=== Supplied data ===
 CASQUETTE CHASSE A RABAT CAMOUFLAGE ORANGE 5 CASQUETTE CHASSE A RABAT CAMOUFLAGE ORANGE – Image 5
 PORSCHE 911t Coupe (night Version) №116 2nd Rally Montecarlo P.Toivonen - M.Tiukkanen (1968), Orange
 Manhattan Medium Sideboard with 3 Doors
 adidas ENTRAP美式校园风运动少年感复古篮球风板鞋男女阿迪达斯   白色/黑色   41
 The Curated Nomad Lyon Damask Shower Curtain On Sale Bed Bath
===
=== Supplied data ===
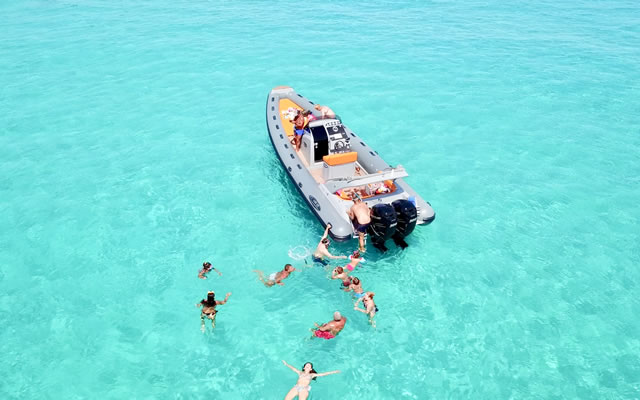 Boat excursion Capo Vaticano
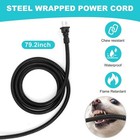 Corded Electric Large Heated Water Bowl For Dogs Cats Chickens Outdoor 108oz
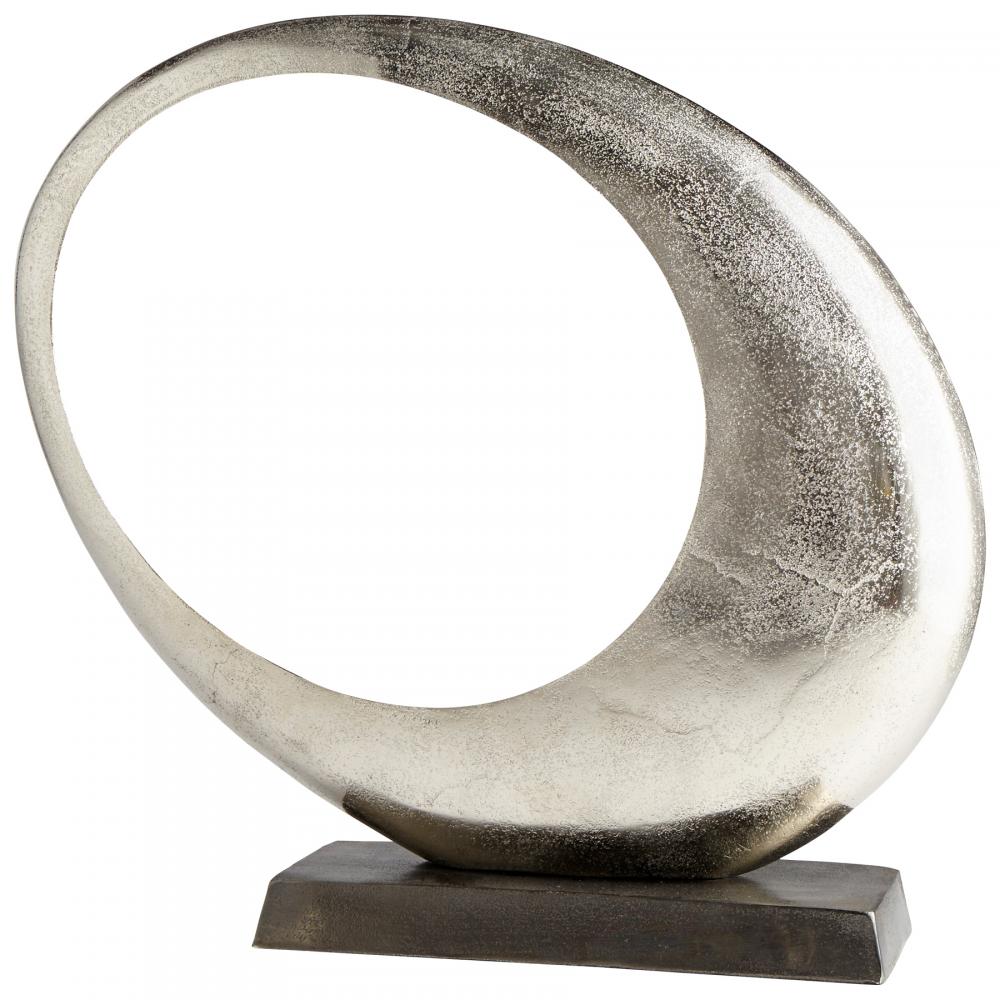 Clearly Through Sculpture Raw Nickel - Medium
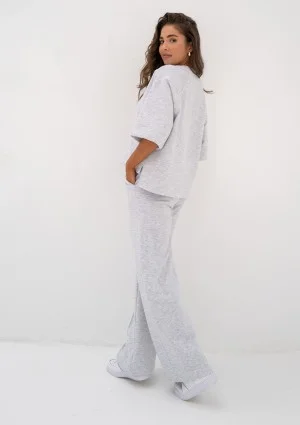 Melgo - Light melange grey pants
===
Your instructions — Reproduce the data above exactly, but only from the line containing "Clearly Through Sculpture" through the line containing "Melgo - Light melange grey pants"; skip the pictures.

Answer section —
 Clearly Through Sculpture Raw Nickel - Medium
 Melgo - Light melange grey pants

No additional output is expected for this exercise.